§ Task to carry out:
Below are the entries; give again exactly the lines from the one mentioning "SSAT Middle Level Mathematics" through the one mentioning "Exit Wounds,Paperback,By:Rutu Modan", inclusive.

§ Short web captions:
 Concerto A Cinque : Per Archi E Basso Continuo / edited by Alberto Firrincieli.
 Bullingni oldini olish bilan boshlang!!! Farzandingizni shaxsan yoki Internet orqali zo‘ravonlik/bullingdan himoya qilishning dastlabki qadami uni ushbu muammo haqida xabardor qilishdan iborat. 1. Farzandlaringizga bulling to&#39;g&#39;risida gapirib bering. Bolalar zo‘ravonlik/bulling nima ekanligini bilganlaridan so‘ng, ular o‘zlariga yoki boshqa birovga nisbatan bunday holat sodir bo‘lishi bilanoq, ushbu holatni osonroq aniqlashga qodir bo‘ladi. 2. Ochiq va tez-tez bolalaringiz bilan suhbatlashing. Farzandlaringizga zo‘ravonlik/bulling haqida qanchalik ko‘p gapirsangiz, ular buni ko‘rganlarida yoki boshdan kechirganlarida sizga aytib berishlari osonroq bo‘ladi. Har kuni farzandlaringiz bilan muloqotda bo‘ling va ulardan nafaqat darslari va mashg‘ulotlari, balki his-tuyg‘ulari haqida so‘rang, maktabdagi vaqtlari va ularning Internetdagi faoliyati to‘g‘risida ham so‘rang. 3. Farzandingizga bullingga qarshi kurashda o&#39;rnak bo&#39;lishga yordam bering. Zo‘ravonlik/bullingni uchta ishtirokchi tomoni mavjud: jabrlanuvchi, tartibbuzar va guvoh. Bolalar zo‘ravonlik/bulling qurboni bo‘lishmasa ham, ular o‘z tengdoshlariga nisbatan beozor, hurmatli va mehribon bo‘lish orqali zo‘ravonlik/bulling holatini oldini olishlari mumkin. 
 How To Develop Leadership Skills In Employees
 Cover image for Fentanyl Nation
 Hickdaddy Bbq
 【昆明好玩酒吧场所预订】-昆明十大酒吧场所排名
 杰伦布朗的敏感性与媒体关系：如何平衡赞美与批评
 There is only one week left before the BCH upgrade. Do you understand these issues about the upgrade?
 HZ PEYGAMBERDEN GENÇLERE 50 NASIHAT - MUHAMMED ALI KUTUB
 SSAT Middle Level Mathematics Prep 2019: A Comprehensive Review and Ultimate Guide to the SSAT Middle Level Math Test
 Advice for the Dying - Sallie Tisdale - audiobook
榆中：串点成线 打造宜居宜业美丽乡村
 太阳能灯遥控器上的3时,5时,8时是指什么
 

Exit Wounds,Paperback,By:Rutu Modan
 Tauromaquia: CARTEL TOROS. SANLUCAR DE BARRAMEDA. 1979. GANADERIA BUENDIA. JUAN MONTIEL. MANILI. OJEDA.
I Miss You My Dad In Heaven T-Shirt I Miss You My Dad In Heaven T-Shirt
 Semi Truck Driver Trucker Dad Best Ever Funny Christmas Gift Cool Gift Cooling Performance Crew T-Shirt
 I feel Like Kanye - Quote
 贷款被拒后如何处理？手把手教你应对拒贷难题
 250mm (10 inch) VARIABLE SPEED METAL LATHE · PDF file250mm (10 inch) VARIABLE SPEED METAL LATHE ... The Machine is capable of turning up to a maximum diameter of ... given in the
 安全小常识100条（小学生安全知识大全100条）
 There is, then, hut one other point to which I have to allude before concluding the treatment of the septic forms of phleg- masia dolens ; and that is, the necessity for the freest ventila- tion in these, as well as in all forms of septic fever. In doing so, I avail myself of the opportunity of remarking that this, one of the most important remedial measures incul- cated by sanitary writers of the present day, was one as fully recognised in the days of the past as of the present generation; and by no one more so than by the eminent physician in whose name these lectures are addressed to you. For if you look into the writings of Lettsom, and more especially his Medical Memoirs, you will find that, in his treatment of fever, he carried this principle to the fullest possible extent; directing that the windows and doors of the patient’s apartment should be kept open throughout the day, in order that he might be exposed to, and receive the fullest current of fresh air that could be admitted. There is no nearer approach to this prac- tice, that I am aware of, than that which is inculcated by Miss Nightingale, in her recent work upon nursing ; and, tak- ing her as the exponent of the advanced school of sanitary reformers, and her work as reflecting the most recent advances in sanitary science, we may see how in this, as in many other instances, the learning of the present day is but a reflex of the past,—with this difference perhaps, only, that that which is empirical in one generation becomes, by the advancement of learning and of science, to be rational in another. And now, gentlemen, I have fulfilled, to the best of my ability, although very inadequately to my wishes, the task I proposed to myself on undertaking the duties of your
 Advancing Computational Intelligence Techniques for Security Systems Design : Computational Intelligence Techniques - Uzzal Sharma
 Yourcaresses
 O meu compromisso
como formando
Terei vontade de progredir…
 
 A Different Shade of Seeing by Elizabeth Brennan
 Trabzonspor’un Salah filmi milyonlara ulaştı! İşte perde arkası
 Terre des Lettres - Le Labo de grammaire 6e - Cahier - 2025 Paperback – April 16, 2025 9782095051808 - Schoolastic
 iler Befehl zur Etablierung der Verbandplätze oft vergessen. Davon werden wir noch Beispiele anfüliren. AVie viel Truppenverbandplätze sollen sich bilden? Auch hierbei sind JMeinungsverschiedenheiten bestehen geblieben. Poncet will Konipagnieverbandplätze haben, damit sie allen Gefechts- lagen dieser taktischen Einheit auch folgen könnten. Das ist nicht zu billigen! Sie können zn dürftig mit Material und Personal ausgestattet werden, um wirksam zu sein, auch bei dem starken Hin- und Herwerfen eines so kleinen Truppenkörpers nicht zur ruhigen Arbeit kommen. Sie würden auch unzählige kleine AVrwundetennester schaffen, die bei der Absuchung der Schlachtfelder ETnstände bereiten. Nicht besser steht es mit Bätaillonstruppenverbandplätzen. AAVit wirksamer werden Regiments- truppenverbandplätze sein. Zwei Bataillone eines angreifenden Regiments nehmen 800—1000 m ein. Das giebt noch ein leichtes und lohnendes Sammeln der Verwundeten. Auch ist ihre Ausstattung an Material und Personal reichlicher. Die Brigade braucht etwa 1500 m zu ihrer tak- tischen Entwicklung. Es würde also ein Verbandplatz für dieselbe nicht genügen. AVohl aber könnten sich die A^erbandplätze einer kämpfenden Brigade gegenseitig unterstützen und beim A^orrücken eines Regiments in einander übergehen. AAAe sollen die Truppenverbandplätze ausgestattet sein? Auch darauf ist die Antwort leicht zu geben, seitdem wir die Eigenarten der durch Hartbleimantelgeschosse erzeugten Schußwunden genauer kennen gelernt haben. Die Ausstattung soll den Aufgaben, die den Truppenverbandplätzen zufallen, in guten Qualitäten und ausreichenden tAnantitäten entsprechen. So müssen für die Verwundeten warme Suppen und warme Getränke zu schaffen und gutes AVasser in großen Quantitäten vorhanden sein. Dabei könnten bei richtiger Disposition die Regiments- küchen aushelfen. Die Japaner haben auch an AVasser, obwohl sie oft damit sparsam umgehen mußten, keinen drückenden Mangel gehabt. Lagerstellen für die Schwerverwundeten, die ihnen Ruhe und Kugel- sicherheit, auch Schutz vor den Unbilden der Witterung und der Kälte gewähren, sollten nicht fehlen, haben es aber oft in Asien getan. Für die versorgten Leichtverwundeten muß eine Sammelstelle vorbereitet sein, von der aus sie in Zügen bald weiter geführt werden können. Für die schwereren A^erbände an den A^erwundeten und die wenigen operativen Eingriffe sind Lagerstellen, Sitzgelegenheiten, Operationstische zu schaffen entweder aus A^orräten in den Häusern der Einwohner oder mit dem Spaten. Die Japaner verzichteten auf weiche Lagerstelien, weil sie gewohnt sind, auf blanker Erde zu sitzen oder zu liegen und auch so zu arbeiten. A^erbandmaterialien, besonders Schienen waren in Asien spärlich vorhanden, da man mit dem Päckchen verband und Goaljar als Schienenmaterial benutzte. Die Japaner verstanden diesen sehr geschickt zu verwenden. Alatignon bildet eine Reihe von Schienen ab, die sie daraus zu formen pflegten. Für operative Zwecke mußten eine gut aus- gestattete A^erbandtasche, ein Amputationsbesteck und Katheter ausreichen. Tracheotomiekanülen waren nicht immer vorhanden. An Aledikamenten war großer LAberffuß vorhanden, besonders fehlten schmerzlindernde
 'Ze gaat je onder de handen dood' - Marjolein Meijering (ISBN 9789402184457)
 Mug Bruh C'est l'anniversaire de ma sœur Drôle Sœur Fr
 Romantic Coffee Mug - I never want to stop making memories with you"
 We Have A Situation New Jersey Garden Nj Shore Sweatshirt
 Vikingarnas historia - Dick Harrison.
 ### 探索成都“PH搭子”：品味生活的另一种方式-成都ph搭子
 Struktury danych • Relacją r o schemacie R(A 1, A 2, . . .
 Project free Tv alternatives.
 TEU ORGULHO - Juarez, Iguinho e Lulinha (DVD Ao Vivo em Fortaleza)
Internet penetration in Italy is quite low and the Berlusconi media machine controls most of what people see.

§ Written answer:
 SSAT Middle Level Mathematics Prep 2019: A Comprehensive Review and Ultimate Guide to the SSAT Middle Level Math Test
 Advice for the Dying - Sallie Tisdale - audiobook
榆中：串点成线 打造宜居宜业美丽乡村
 太阳能灯遥控器上的3时,5时,8时是指什么
 

Exit Wounds,Paperback,By:Rutu Modan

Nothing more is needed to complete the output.